The institute, through support from The Rockefeller Foundation, recently released “The True Cost of Food: Food is Medicine Case Study.” According to research data presented in the report, national implementation of Medically Tailored Meals (MTMs) in Medicare, Medicaid and private insurance for patients with both a diet-related condition and limited ability to perform activities of daily living could avert approximately 1.6 million hospitalizations and result in an estimated net savings of $13.6 billion in health care costs in the first year alone, after accounting for implementation costs.
“Today’s report further demonstrates how FIM interventions like medically tailored meals and produce prescriptions, combined with nutrition education for doctors and insurance coverage of nutrition counseling provided by a registered dietitian, could make a real difference in the 10,000 weekly U.S. deaths and $1.1 trillion in annual healthcare spending and lost productivity due to poor diets,” Mozaffarian says.
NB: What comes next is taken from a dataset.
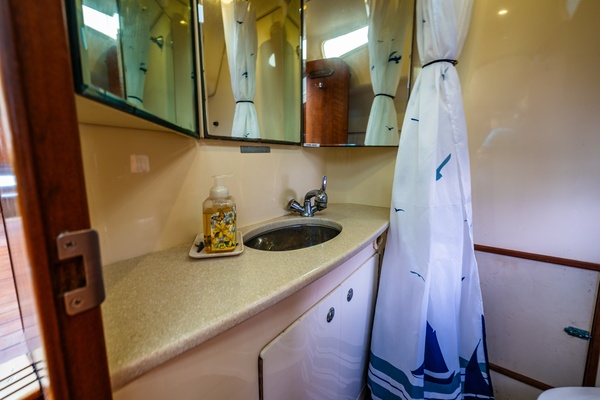 Serenity 35ft Gemini Yacht For Sale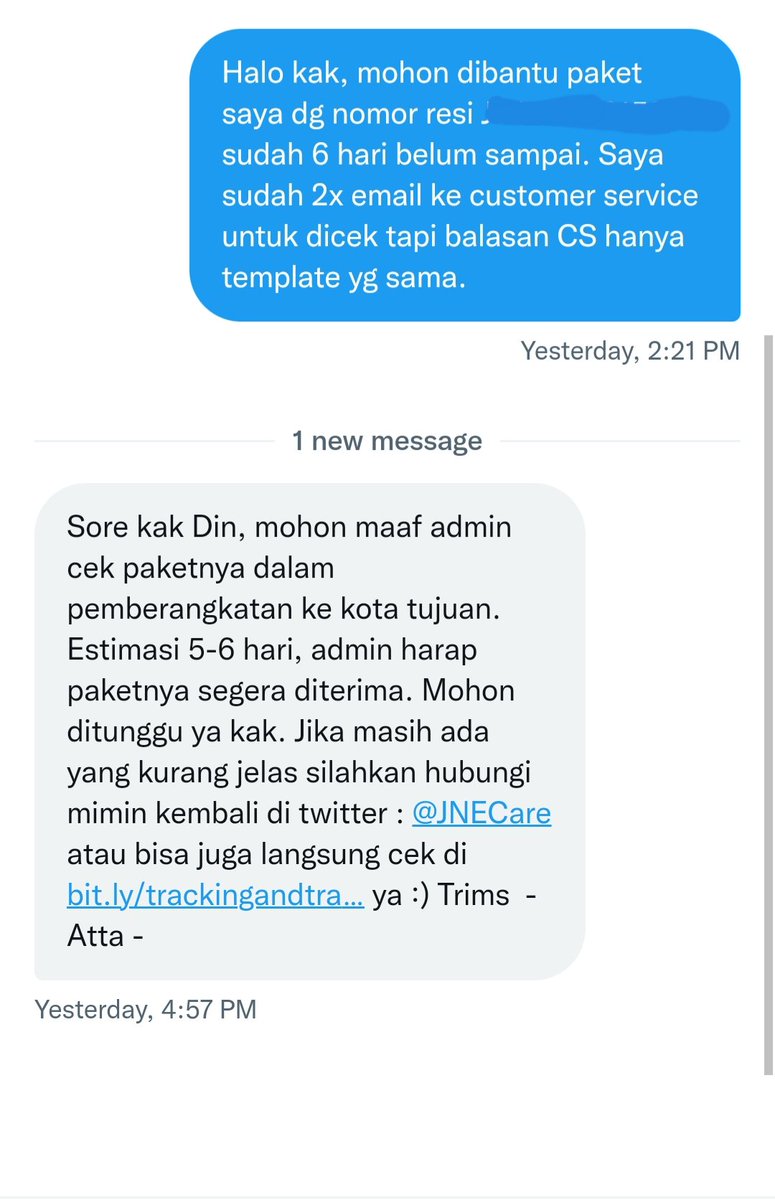 dinruhan's tweet photo. Trus chat dm @JNECare juga dibalas dengan template yg sama kaya jawaban CS JNE via E-mail.

Enak ya kerja layanin costumer tinggal copy paste template. Rusak bgt.

Sudah 10 hari paket ku entah gimana nasibnya JNETrucking! https://t.co/iJyWY3EJvJ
The report comes in the wake of the 2022 National Strategy on Hunger, Nutrition and Health, which centered on the need to harness the potential of FIM. The report discusses several potential national policy solutions, organized broadly around developing infrastructure, generating opportunities and funding and strengthening United States Department of Agriculture nutrition programs.
“The true costs of our food system — the environmental impact of how food is produced, the working conditions of the people who grow our food, and the impacts on our health, health care spending, and health equity are too often left off the price tag,” says Devon Klatell, vice president, Food Initiative at The Rockefeller Foundation. “This report can assist governments, companies and consumers in better evaluating the value of Food is Medicine interventions by considering not just the price paid for food, but the return on investment in improved health outcomes they can deliver. We look forward to working with all sectors to further advance our collective knowledge and understanding of the potential of Food is Medicine interventions.”
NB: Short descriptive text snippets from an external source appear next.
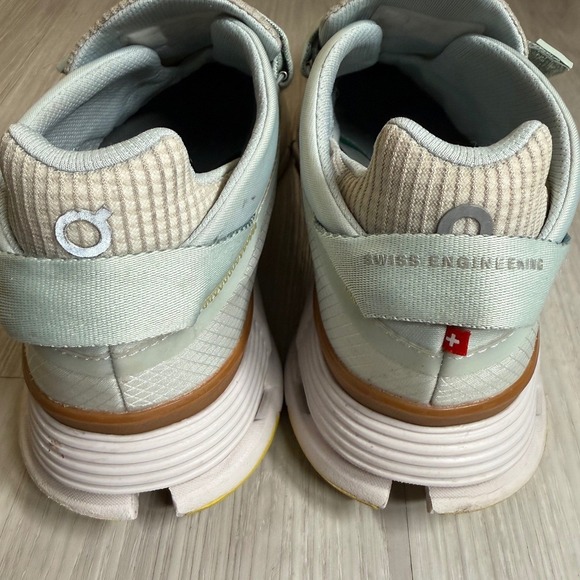 On Cloud Cloudnova Wrap Womens Running Shoes Athletic Sneakers Size 9.5 - Picture 4 of 7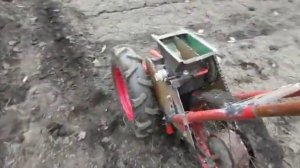 самодельная ручная сеялка  посев 20 лютого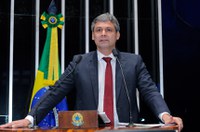 Lindbergh Farias diz que caravana de campanha de Lula leva esperança ao país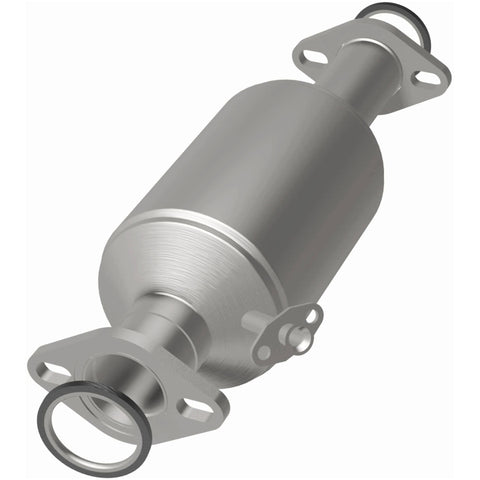MagnaFlow Direct Fit Catalytic Converter 81-83 Toyota Pick Up 2.4L - 3391895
A major and long-standing barrier to improving nutrition security and access to FIM interventions is the lack of health care provider education about nutrition, according to the institute. Nutrition education is generally limited during health care providers’ training. For example, the typical medical student receives less than 20 hours over four years of medical school, much of it in basic science classes during the first year. Other barriers to nutrition security and FIM interventions include inconsistent coverage and payment, as well as inadequate coordination between the health care system and community-based organizations that provide food.